I stare at the cup and wonder why the heck I brought it home. Why have I brought this memento back into my life?

I know the logical reason… I was going through very old storage boxes and found it. It is a perfectly great coffee mug. Why not?

Though as I sat there this morning in a pretty good mood and looked at this seemingly harmless coffee mug I was flooded with heart-breaking memories. Memories that although tinged with some happiness overall reminds me of one of the hardest times in my life. I feel it’s energies sucking away my positive focused mood.

So why do we choose to pull these things through our lives?
We call these things memories but how many of the memories that you have chosen to physically or energetically pack up into a suitcase and drag through your life are joy filled and how many are laced with negativity, pain, and hurt?

On one hand the memories that hold pain can sometimes hold deep healing if we work through them and are able to see the beauty. These are the memories that are at their core positive but just are tinged with a slight feeling of nostalgia. A feeling of loss. we can learn things and grow from these memories.
Then there are the letter, mementos, and memories we drag around in order to remind us of our hurts and hangups. The things we use to validate our victim status, our brokenness, and the major mistakes we have made in our lives. These serve to only pull us down.

So today I finished my coffee (because one doesn’t want to waste good coffee) and then I threw that memory filled cup out. I didn’t need the energy. I didn’t need a daily reminder of my past. I didn’t want to continue to carry my old self through my new life.

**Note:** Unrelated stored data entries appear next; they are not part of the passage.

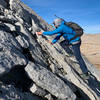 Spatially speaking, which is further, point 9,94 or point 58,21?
point 58,21

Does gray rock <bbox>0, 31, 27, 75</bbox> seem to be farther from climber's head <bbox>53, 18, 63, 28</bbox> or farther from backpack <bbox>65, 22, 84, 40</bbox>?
backpack <bbox>65, 22, 84, 40</bbox>

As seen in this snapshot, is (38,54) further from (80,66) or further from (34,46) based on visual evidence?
(80,66)

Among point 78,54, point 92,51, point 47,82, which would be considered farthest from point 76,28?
point 92,51

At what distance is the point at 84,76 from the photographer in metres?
10.9

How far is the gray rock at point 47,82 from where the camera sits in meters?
7.02

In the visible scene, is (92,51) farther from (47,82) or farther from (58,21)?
(47,82)

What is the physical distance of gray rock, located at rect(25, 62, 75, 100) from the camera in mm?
7016

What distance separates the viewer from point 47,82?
7145 mm

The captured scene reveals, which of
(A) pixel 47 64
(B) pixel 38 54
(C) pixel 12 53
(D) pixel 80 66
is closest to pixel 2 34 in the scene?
(C) pixel 12 53

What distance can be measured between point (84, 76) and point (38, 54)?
11.7ft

My question is where are you still holding onto things like this in your own life? Where are you holding onto aspects of the past to validate negativity in your life? Where are you lying to yourself that mementos have “positive” memories when your spirit is really crying out the very opposite?
Think today over your boxes, your storage, your shelves, and where your mind goes.

Walk through your home and ask yourself… “Does this bring me joy or bring me down?”. If the answer is down then THROW THAT SH*T AWAY!!!

Wishing your light, love, and positive energy!